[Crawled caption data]
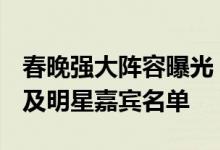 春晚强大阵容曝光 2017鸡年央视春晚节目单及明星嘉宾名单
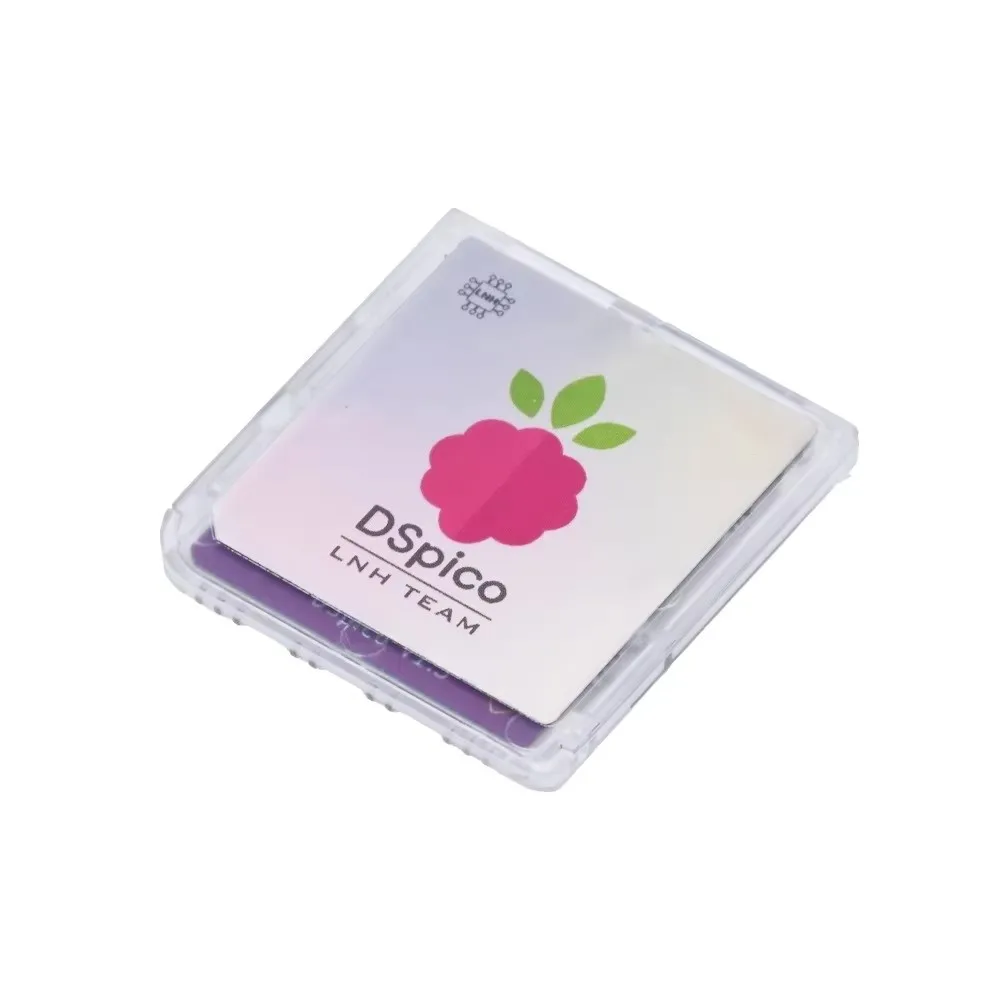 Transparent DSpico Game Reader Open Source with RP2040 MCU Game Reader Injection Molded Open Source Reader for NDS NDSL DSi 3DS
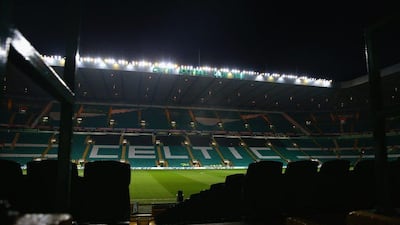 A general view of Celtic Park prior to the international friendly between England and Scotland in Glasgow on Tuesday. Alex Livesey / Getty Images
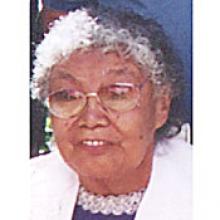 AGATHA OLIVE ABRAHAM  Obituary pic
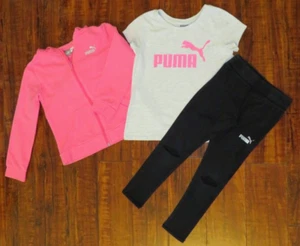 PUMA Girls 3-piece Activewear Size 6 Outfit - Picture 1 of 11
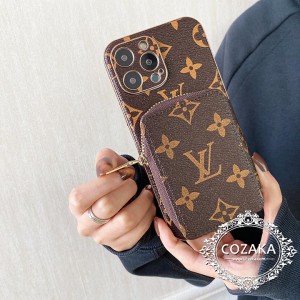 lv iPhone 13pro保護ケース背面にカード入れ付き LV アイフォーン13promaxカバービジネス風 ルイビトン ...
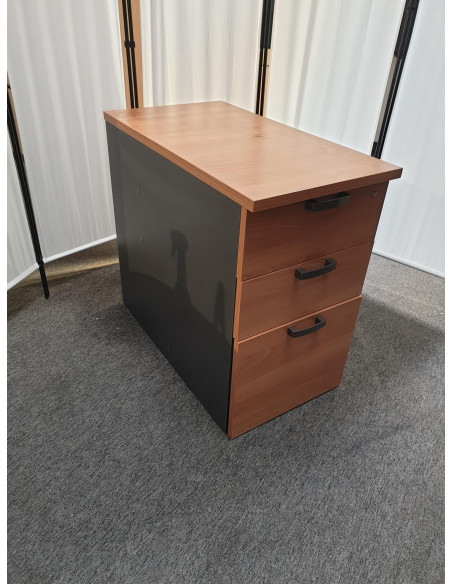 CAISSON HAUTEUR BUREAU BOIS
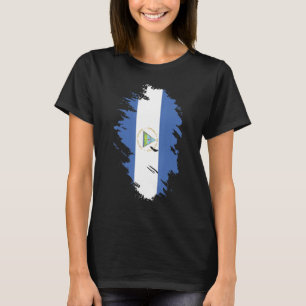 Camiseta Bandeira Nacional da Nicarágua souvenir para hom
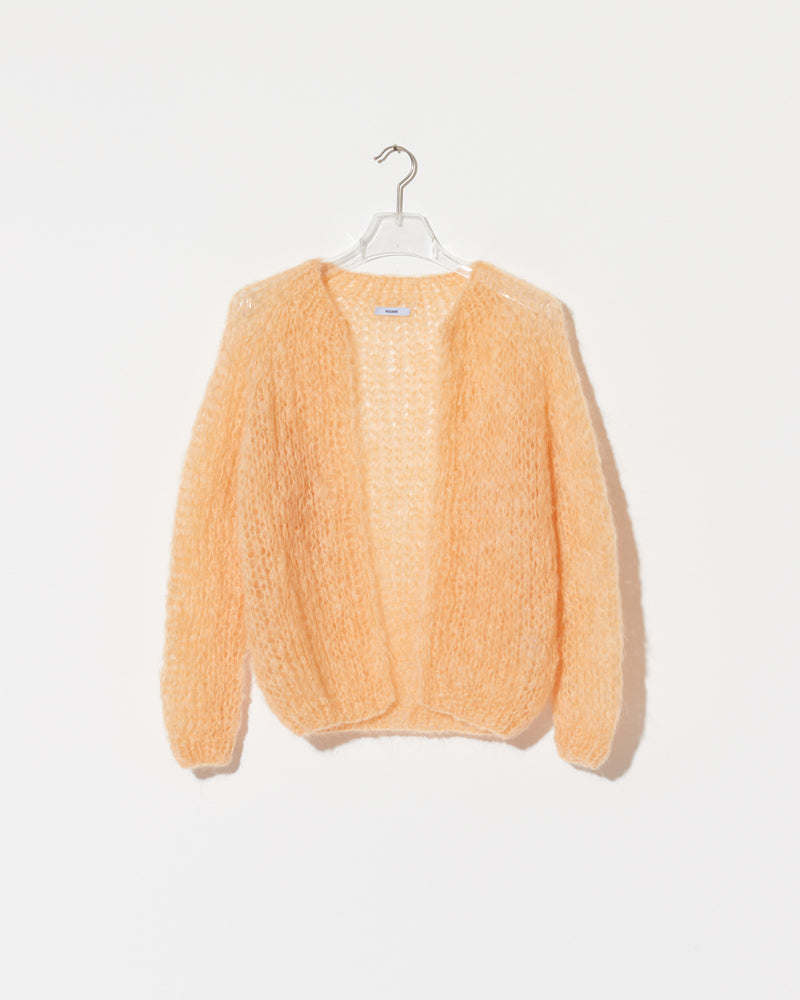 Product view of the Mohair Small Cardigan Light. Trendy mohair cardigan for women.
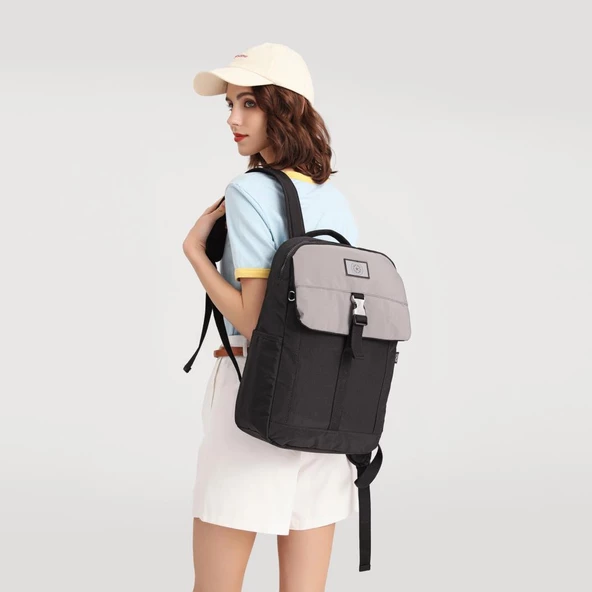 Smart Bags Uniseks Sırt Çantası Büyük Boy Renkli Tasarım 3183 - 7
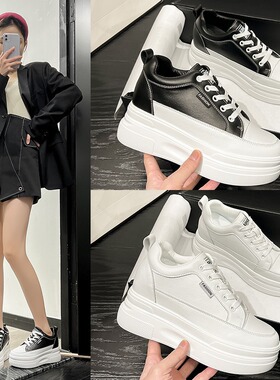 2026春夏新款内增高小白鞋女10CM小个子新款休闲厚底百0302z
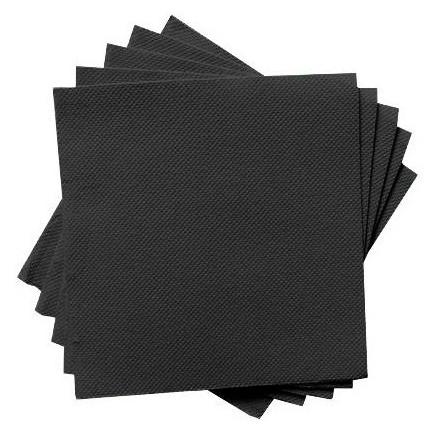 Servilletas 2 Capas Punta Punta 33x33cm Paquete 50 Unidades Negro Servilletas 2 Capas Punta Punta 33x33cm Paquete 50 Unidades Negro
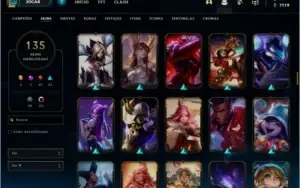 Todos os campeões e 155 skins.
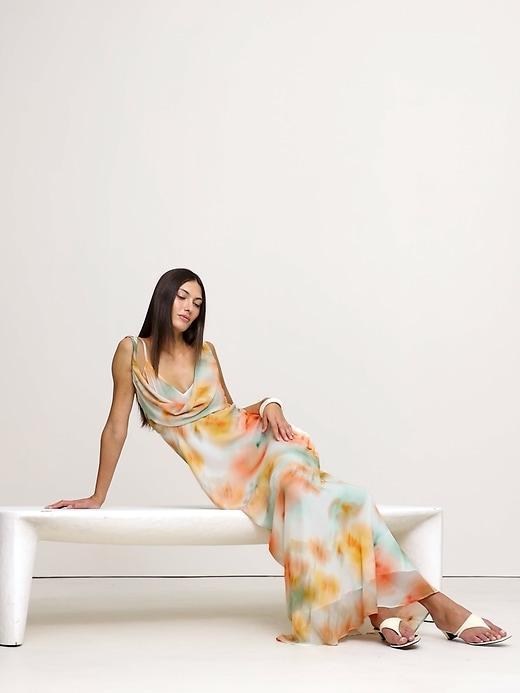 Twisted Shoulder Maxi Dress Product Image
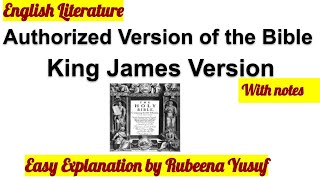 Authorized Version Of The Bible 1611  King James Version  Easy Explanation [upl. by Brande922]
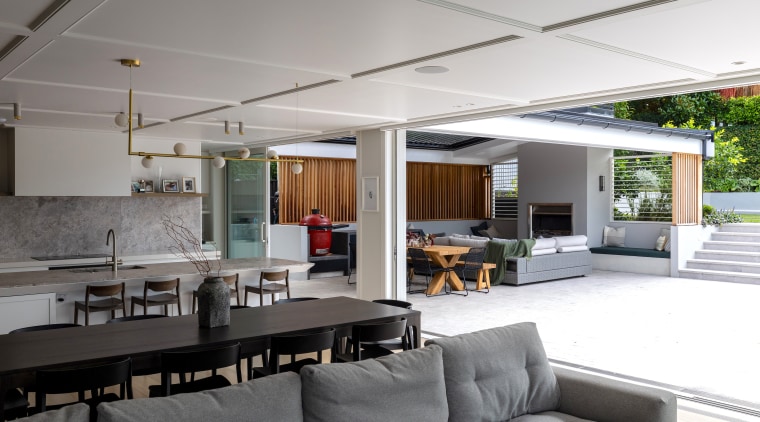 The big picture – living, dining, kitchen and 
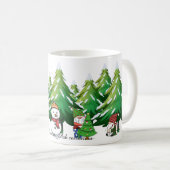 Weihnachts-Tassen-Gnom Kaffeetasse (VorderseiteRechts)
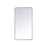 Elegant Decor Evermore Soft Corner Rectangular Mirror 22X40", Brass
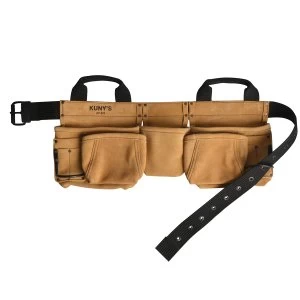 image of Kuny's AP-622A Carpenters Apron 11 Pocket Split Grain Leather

### EXERCISE
Exactly the lines from the line that contains "2026春夏新款内增高小白鞋女10CM小个子新款休闲厚底百0302z" through the last line above, and no other lines, must be output, with pictures excluded.

### TASK RESULT
 2026春夏新款内增高小白鞋女10CM小个子新款休闲厚底百0302z
 Servilletas 2 Capas Punta Punta 33x33cm Paquete 50 Unidades Negro Servilletas 2 Capas Punta Punta 33x33cm Paquete 50 Unidades Negro
 Todos os campeões e 155 skins.
 Twisted Shoulder Maxi Dress Product Image
 Authorized Version Of The Bible 1611  King James Version  Easy Explanation [upl. by Brande922]
 The big picture – living, dining, kitchen and 
 Weihnachts-Tassen-Gnom Kaffeetasse (VorderseiteRechts)
 Elegant Decor Evermore Soft Corner Rectangular Mirror 22X40", Brass
 image of Kuny's AP-622A Carpenters Apron 11 Pocket Split Grain Leather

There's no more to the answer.